_About this task_. Only a number is wanted here. Tally the lines of the data that contain "foto".
===== Records provided
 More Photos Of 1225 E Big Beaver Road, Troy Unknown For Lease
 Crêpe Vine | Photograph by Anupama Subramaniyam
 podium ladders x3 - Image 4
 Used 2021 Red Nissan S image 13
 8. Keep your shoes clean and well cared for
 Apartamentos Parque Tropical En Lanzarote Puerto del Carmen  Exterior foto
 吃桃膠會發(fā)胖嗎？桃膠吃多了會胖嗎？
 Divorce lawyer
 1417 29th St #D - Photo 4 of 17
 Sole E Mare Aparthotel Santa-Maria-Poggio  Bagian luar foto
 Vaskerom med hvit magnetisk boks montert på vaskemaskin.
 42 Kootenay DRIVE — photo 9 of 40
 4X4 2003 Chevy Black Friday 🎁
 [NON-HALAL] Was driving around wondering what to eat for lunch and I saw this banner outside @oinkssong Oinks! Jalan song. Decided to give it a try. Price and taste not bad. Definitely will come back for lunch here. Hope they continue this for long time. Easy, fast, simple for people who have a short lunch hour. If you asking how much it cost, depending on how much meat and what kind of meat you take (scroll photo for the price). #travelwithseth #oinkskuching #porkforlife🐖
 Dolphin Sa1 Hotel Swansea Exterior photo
==========
_Answer to this exercise_. 2